Below are lines of data, and only some are wanted. Please repeat exactly those from the line that has "Open up your" through the line that has "At this stage, I".

*DATA FOR THIS TASK*
━━━
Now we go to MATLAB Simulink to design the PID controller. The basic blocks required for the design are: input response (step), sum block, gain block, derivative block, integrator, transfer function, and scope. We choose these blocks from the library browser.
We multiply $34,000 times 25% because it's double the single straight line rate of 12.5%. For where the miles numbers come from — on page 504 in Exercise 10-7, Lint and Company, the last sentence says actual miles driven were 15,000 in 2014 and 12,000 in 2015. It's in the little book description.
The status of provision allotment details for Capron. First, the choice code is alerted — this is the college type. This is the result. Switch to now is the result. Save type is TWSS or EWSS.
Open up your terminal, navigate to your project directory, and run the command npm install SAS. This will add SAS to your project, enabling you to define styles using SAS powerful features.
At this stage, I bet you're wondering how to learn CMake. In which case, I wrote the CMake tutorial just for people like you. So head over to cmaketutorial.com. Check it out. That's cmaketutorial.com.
━━━
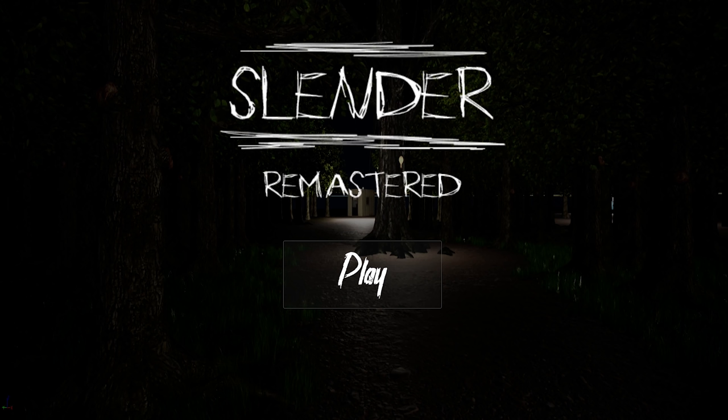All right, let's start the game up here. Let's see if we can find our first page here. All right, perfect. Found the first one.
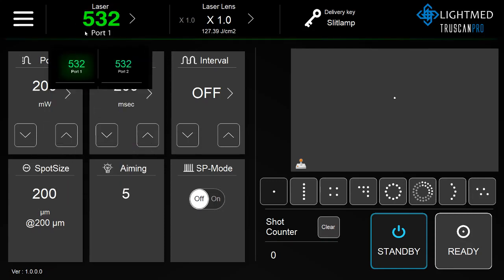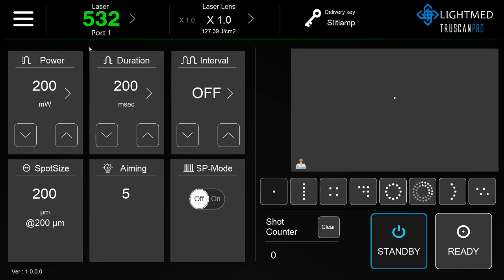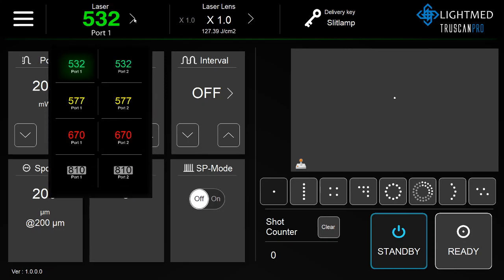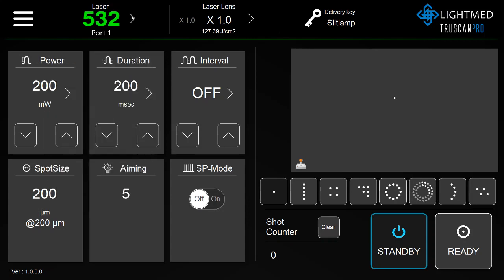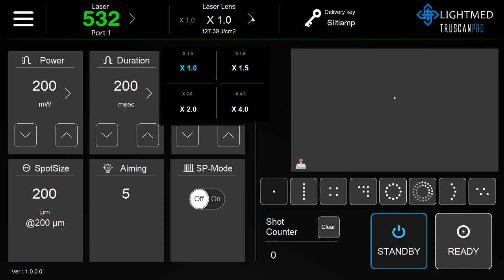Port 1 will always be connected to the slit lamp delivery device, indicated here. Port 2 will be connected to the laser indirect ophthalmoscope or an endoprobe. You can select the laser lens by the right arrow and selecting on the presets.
━━━
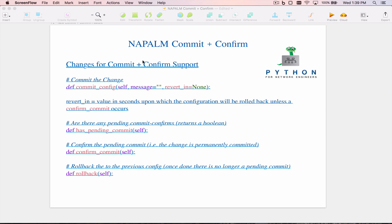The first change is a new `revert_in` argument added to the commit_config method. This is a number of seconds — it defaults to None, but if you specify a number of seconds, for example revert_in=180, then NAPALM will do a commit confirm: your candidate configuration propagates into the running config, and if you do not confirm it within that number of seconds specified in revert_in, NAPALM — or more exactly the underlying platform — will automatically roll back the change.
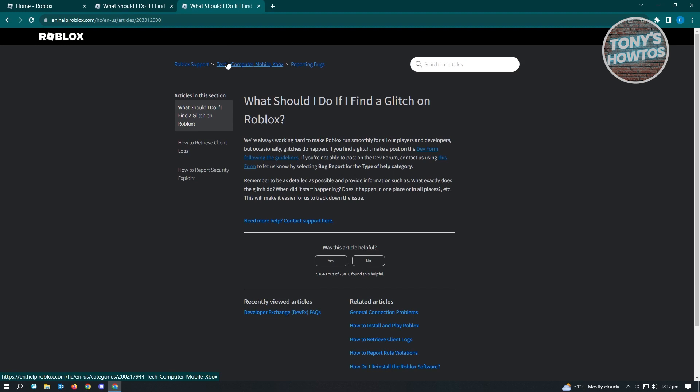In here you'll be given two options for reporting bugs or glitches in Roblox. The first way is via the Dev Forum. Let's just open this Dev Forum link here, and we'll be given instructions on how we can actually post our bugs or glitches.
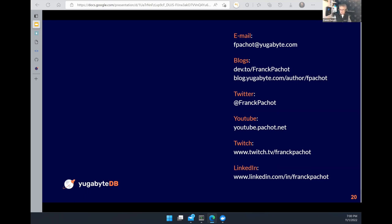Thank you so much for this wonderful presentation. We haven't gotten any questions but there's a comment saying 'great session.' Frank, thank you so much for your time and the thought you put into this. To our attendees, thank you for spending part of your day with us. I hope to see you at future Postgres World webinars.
━━━
*RESPONSE TO THE TASK*
Open up your terminal, navigate to your project directory, and run the command npm install SAS. This will add SAS to your project, enabling you to define styles using SAS powerful features.
At this stage, I bet you're wondering how to learn CMake. In which case, I wrote the CMake tutorial just for people like you. So head over to cmaketutorial.com. Check it out. That's cmaketutorial.com.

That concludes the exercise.